- EXTRACTED INFORMATION -
• • •
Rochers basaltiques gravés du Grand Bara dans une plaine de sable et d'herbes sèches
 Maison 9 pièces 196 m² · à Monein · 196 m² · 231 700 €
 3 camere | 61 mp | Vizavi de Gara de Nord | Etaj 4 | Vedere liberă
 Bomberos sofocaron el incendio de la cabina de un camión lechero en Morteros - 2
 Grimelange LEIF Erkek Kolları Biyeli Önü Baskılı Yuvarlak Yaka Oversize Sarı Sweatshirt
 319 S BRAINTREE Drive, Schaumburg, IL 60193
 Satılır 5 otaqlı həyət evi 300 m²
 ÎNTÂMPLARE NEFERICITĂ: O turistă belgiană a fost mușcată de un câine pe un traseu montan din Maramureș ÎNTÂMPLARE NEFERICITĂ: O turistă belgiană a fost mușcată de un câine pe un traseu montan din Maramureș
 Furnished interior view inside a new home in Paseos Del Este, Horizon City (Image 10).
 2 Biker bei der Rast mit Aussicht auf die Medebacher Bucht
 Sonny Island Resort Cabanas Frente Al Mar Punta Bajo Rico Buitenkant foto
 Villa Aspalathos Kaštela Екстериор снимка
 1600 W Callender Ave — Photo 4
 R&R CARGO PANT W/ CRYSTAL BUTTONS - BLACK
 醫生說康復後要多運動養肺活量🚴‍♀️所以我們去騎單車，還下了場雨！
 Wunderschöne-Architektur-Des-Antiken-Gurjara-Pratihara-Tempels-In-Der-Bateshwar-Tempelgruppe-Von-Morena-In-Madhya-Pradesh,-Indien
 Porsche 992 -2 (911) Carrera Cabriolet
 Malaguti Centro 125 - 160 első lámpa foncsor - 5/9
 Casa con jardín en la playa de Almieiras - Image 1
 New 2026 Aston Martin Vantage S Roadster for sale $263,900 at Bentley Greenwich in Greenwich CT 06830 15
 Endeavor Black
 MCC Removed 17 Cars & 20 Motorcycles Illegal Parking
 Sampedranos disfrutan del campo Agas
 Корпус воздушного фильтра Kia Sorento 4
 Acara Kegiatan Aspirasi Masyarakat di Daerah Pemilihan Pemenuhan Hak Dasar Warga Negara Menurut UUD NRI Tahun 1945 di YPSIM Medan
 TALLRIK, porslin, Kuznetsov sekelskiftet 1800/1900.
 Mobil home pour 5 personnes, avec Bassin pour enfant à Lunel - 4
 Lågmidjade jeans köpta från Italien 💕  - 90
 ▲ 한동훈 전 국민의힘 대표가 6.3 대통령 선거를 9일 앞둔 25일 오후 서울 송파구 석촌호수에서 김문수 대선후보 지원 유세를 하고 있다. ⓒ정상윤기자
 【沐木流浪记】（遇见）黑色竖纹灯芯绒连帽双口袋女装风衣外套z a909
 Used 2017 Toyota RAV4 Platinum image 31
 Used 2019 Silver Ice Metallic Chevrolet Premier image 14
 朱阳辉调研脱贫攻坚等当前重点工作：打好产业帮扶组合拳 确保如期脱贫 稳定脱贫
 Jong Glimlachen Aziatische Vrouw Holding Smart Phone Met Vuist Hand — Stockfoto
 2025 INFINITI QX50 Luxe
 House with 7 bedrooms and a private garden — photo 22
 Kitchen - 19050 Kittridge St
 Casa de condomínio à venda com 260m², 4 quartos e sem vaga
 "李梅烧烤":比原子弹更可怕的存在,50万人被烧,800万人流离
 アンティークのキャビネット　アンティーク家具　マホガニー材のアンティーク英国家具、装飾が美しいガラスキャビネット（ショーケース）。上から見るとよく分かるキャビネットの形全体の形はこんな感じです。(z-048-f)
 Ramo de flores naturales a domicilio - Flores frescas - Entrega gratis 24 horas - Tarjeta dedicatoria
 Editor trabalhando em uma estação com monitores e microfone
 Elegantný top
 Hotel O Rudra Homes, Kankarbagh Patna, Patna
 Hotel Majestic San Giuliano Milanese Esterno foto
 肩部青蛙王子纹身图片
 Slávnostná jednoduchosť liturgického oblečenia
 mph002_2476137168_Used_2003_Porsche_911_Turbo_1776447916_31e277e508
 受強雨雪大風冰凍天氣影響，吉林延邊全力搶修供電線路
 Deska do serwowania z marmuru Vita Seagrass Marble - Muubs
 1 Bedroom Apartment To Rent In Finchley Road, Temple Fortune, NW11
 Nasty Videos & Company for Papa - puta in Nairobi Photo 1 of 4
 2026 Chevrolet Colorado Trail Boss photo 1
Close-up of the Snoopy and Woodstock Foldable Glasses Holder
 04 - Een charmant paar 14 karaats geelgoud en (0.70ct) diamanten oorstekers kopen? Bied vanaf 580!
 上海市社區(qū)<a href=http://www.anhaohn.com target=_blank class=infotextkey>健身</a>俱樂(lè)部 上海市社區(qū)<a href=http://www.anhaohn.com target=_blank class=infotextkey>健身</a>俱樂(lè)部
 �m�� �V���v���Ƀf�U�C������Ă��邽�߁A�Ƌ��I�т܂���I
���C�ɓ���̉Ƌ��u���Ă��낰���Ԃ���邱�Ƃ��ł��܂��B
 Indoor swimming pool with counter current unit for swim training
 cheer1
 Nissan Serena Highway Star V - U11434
• • •
Of all the entries above, repeat only the lines from the line that has "2026 Chevrolet Colorado Trail Boss photo 1" to the line that has "target=_blank class=infotextkey>健身</a>俱樂(lè)部 上海市社區(qū)<a", both lines included, exactly.

- EXERCISE RESPONSE -
 2026 Chevrolet Colorado Trail Boss photo 1
Close-up of the Snoopy and Woodstock Foldable Glasses Holder
 04 - Een charmant paar 14 karaats geelgoud en (0.70ct) diamanten oorstekers kopen? Bied vanaf 580!
 上海市社區(qū)<a href=http://www.anhaohn.com target=_blank class=infotextkey>健身</a>俱樂(lè)部 上海市社區(qū)<a href=http://www.anhaohn.com target=_blank class=infotextkey>健身</a>俱樂(lè)部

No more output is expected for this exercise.